Дождь показался мне добрым, родным братом. В его серой пелене был виден лес, настоящий зеленый лес, и не было жары.
Какая-то нежность к своей родине, даже как бы чуть-чуть раскаяние, что я мало ценил ее до сих пор, с ее лесами, рощами, зелеными полями и сочной травой, пробежали по мне. Я радовался, что попал снова в свой край, где нет серо-желтого ландшафта, одинаково пустынного на десятки верст с торчащими, как бирюзовые горы, голубыми куполами и минаретами мечетей.
И как только эта восточная картина мелькнула в моем воображении, так сразу же встала передо мной и вся цепь событий, людей, отдельных слов и небольших эпизодов последних дней.
Моя радость потускнела, быстрота движений исчезла. Я стал медленно одеваться и думать, какой сумбур царит в моей голове. Я положительно не мог связать все события в ряд последовательных фактов. И все, что было третьего дня, вчера или два дня назад, – все сливалось в какой-то большой ком, и я даже не все отчетливо помнил.

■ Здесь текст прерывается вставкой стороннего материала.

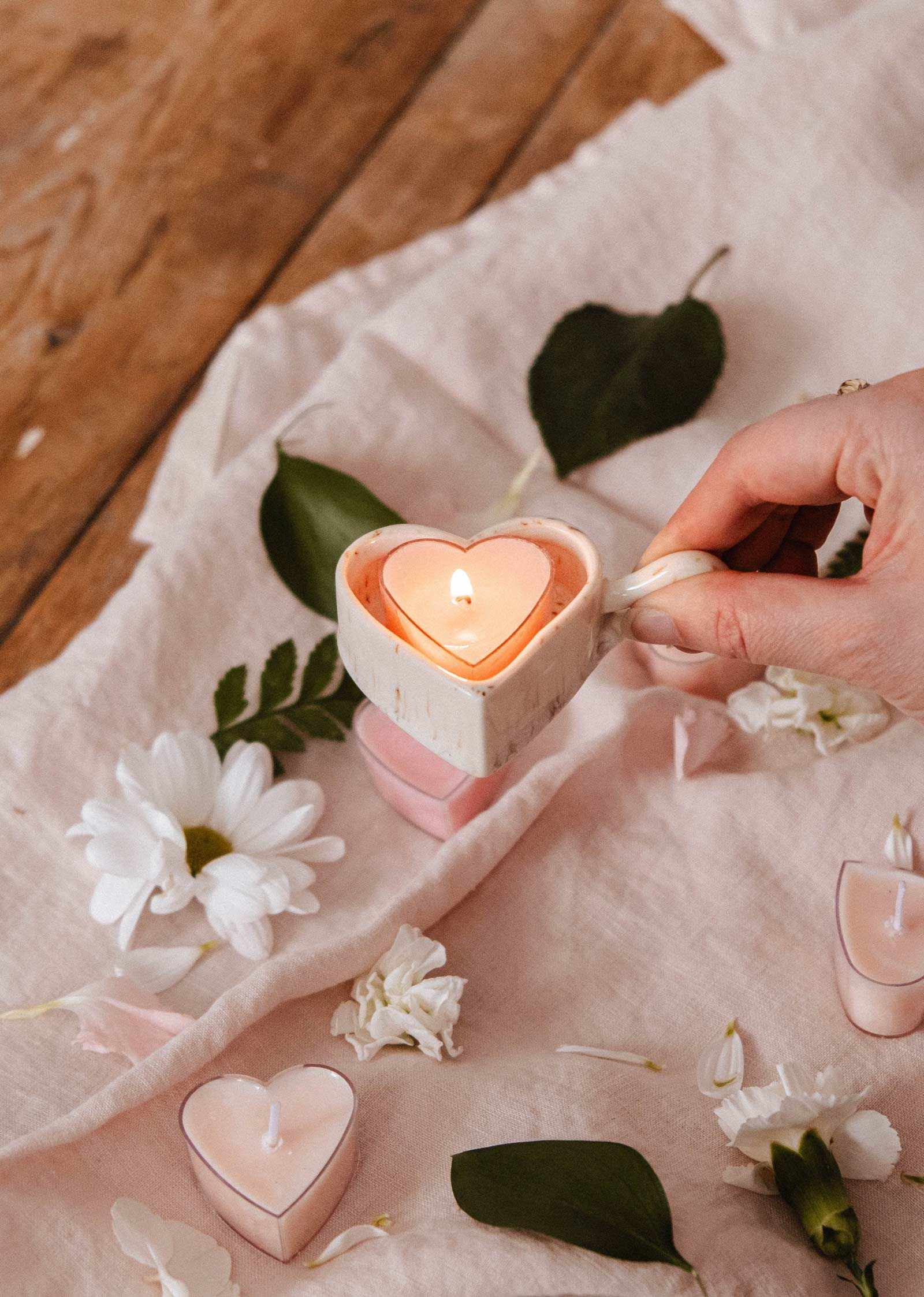 Speckled Heart Tealight Holder made of speckled ceramic with organic heart shape for heart-shaped tealights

Внезапно в коридоре я уловил какое-то слово, и тембр голоса опять показался мне знакомым.
«Странно, – подумал я. – Всегда у меня была изумительная память на лица и голоса. А теперь и этот дар я, кажется, теряю. Должно быть, проклятая шапка дервиша да жара повредили мне не только слух, но и мозги».
В эту минуту снова донесся из коридора баритональный, неповторимо красивый голос. Я даже сел от изумления, и всего меня бросило в жар, хотя ни о какой жаре и помина не было.
«Нет, положительно я стал какой-то порченый, как говорил денщик брата, – продолжал я думать, утирая пот со лба. – Не может это быть дервиш, который дал мне свое платье и у которого мы останавливались ночью». Все завертелось в моей голове, до физической тошноты, недоумение заполнило меня всего.
Я думал, что, если бы под страхом смертной казни я должен был рассказать в эту минуту подробный ход событий, я бы не мог их передать, память моя отказывалась логически работать. Я сидел, уныло повесив голову, а в коридоре теперь уже явно различал английскую речь – один из голосов принадлежал Флорентийцу, а другой был все тот же чудесный металлический баритон, ласкающий, мягкий; но, казалось, прибавь этому голосу темперамента – и он может стать грозным, как стихия.
«Нельзя же так сидеть растерянным мальчиком. Надо выйти и убедиться, кто же говорит с Флорентийцем», – продолжал я думать, напрасно стараясь отдать себе отчет, когда точно я видел мнимого дервиша, сколько прошло времени с тех пор, мог ли он очутиться здесь сейчас.
Только я решился выйти из купе, как дверь открылась, и вошел Флорентиец.
Его прекрасное лицо было свежо, как у юноши, глаза блистали, на губах играла улыбка, – ну, век смотрел бы на это воплощение энергии и доброты; и никогда не поверил бы, как сурово серьезно может быть это лицо в иные моменты.